INSTRUCTIONS FOR THE TASK
Where the records below show a line containing "Leopard Chevron Print Tank Top LC2568531-20", start copying; end with the line containing "thumbnail image 5", and copy it too.

RECORDED INFORMATION
= = = = =
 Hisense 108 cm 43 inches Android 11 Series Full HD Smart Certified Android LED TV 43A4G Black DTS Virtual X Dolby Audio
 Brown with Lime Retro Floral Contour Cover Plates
= = = = =
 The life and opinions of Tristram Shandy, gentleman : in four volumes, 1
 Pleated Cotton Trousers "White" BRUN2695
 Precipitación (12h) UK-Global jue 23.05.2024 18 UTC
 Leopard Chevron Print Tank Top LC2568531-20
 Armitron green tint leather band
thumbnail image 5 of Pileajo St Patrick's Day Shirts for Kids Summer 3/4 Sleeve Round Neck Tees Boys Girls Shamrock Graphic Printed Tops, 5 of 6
= = = = =
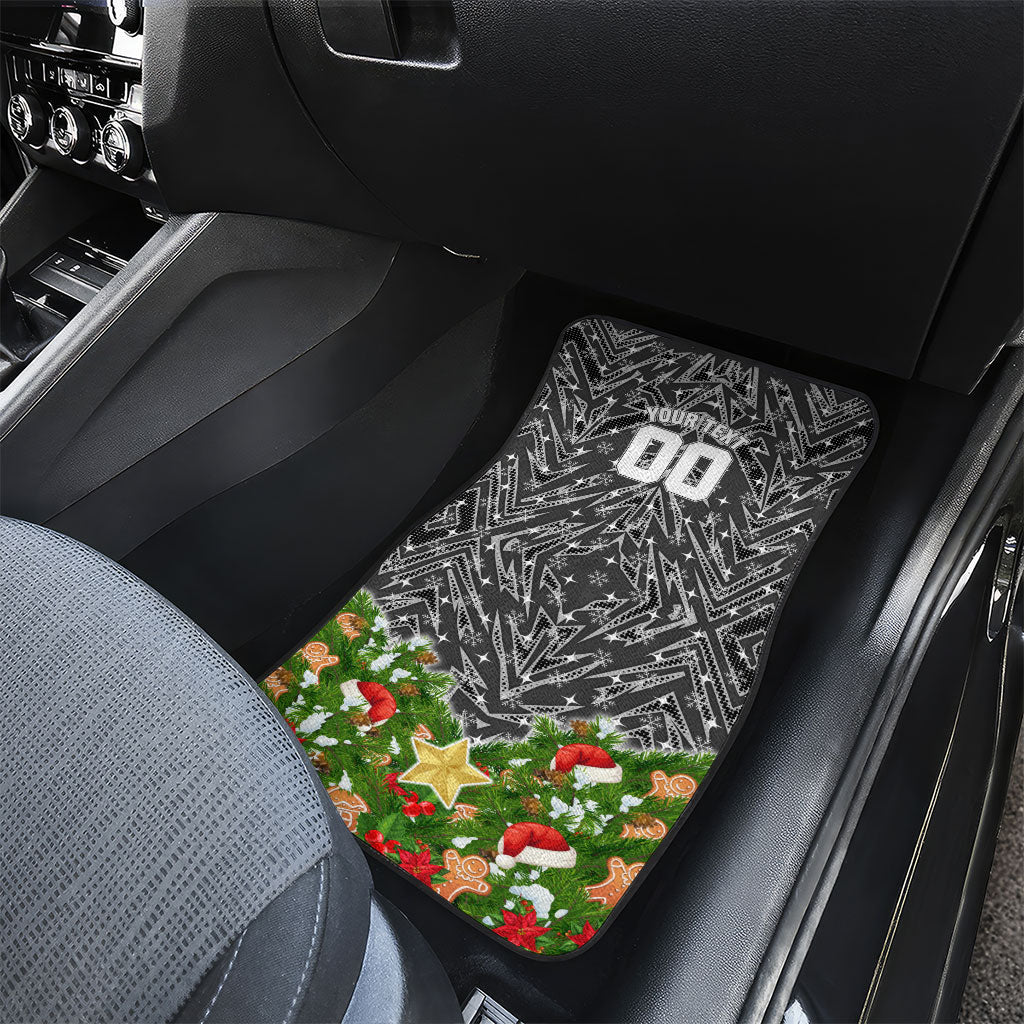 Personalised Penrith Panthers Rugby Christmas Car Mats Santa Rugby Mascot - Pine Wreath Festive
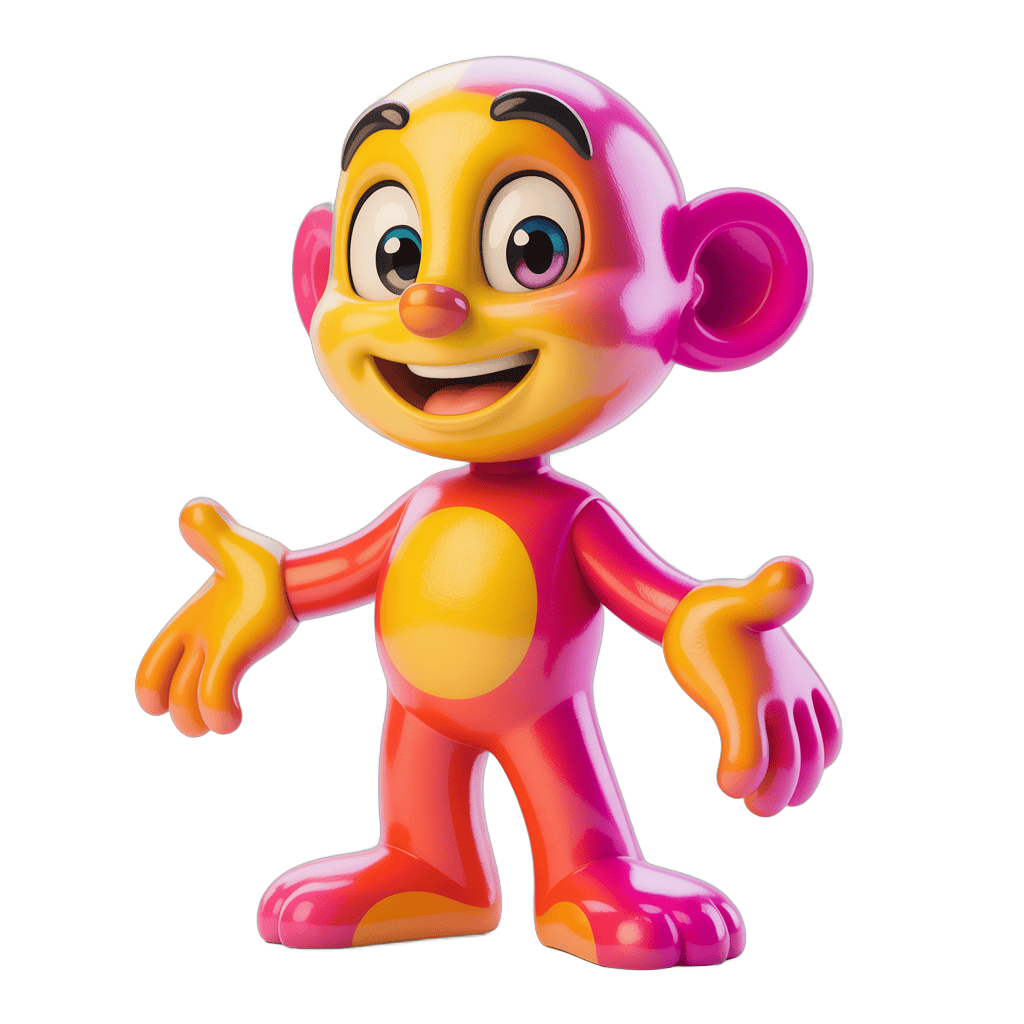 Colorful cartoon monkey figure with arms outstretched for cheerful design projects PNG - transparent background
= = = = =
WRITTEN RESPONSE
 Leopard Chevron Print Tank Top LC2568531-20
 Armitron green tint leather band
thumbnail image 5 of Pileajo St Patrick's Day Shirts for Kids Summer 3/4 Sleeve Round Neck Tees Boys Girls Shamrock Graphic Printed Tops, 5 of 6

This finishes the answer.